#### Task
Write out exactly the lines below that run from the one containing "2635 Southwest 35th" through the one containing "399 Old Ferry", both included, with no other lines.

= Beginning of Section =

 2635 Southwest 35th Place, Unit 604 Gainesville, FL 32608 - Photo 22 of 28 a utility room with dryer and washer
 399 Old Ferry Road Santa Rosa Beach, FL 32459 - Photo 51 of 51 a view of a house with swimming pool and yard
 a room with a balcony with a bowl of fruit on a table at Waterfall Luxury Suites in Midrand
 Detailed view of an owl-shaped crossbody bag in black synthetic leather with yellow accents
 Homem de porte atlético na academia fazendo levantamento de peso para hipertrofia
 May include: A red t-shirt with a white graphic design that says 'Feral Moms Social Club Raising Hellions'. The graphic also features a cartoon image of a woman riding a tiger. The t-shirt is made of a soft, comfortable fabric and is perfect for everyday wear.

= End of Section =
= Beginning of Section =

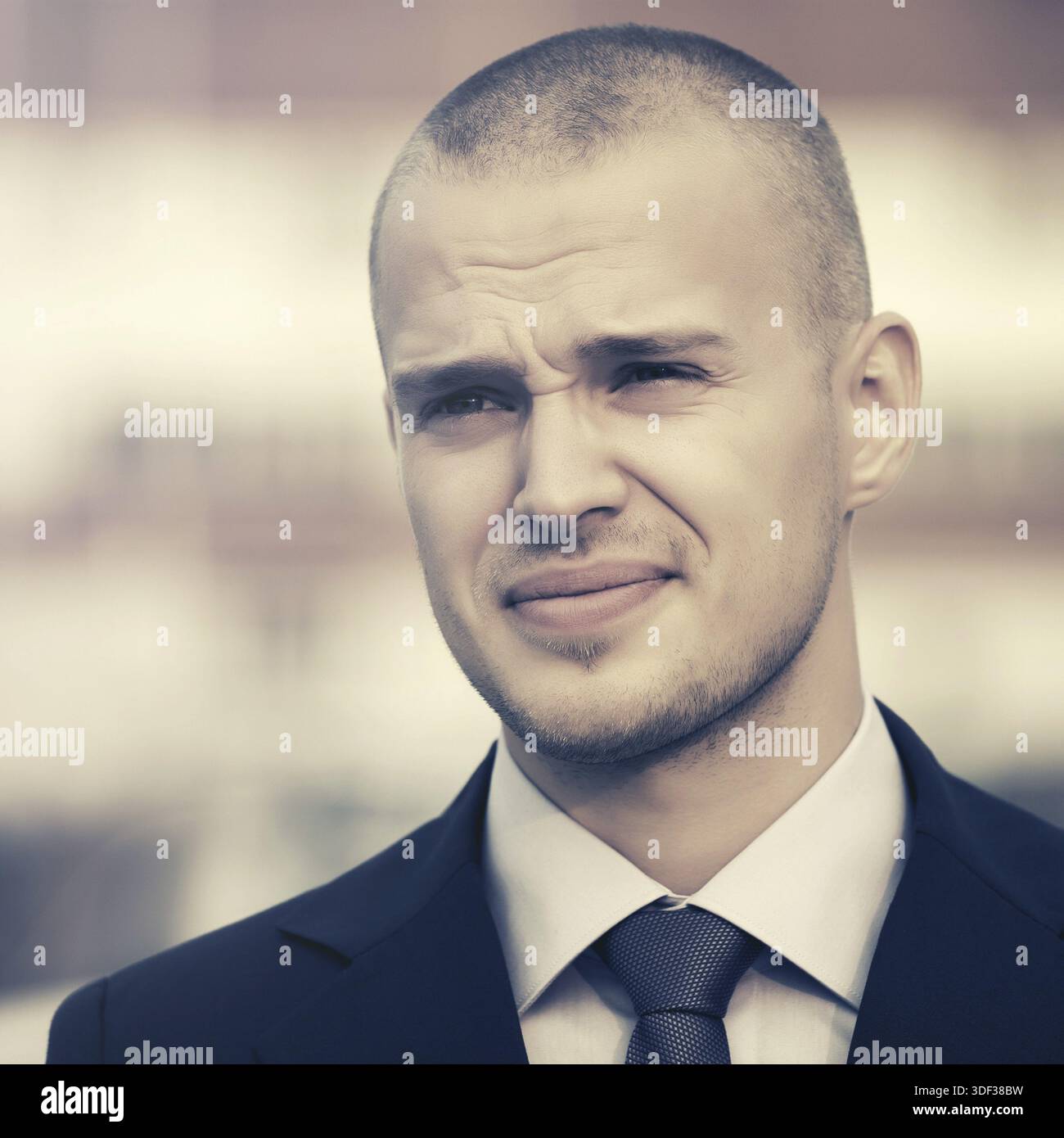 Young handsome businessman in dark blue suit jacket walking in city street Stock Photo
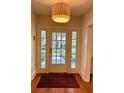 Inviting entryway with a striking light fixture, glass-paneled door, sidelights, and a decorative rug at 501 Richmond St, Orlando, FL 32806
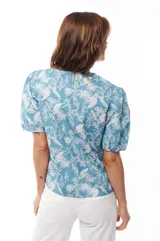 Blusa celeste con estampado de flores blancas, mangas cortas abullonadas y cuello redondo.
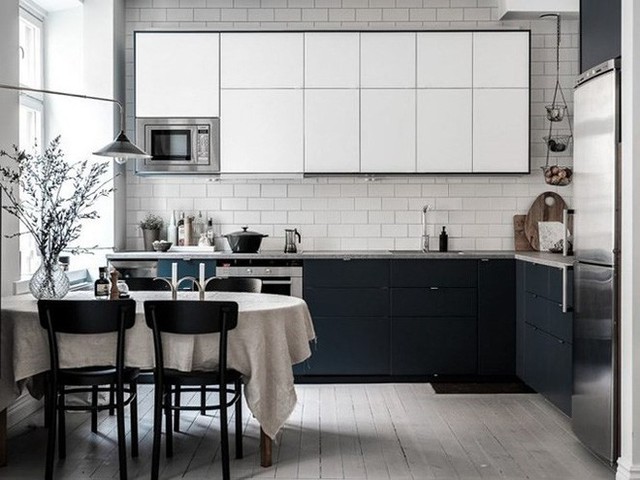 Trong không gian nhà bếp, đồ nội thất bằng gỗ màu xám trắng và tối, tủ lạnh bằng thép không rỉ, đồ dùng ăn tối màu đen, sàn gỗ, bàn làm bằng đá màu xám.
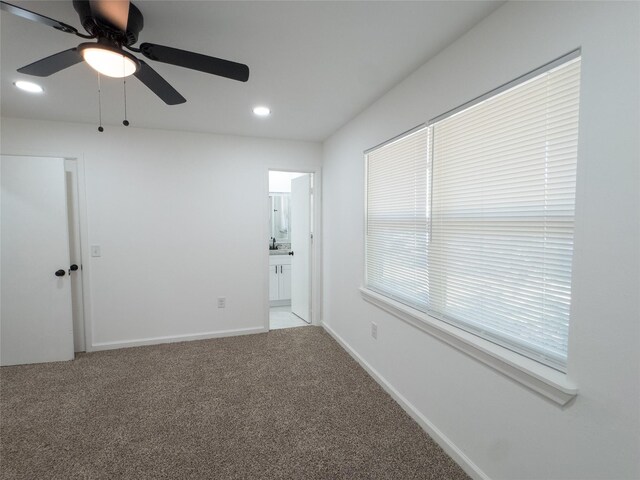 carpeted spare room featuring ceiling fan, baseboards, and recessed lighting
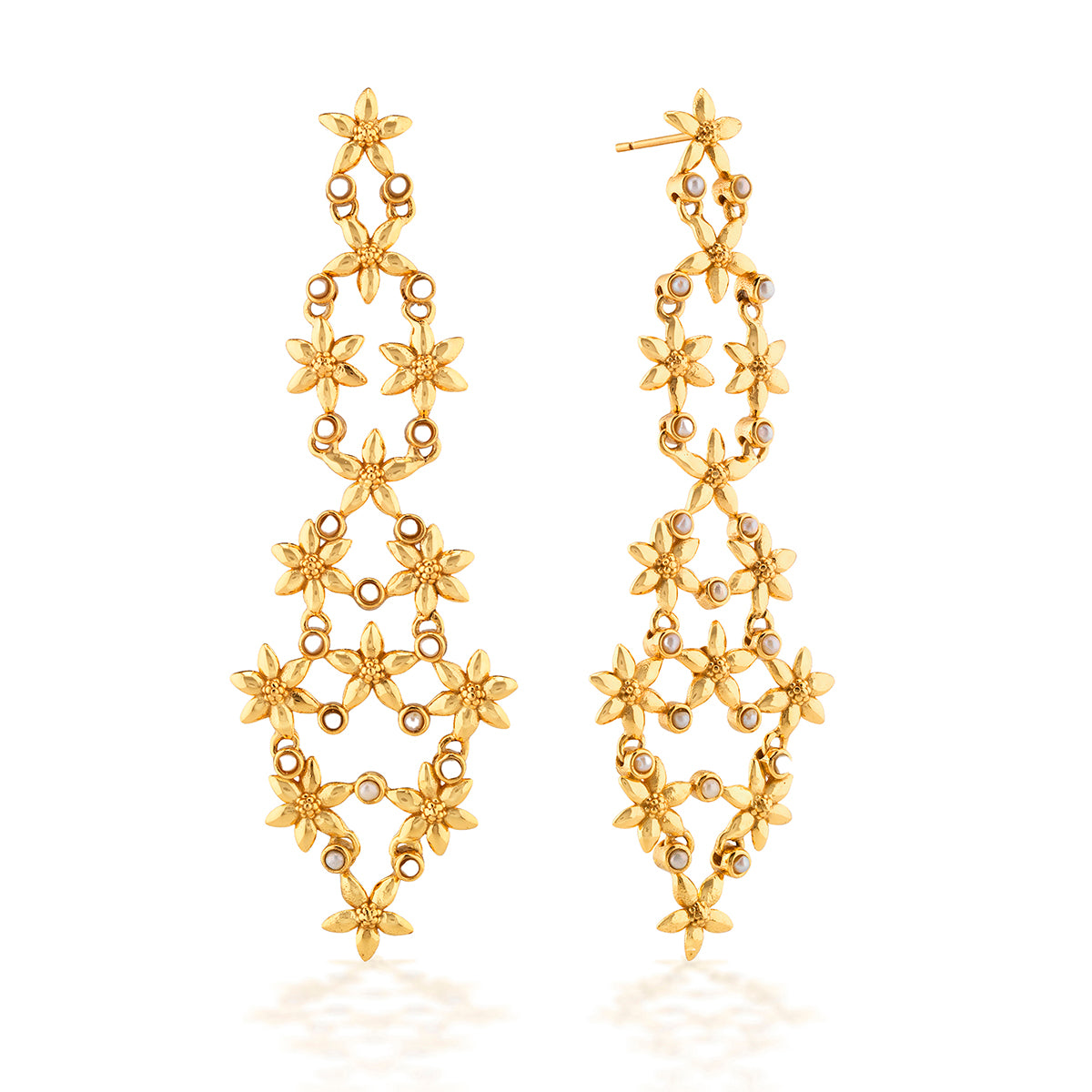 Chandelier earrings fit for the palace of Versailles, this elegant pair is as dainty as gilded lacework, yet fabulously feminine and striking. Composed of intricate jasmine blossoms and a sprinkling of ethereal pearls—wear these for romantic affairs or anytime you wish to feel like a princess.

= End of Section =

#### Result
 2635 Southwest 35th Place, Unit 604 Gainesville, FL 32608 - Photo 22 of 28 a utility room with dryer and washer
 399 Old Ferry Road Santa Rosa Beach, FL 32459 - Photo 51 of 51 a view of a house with swimming pool and yard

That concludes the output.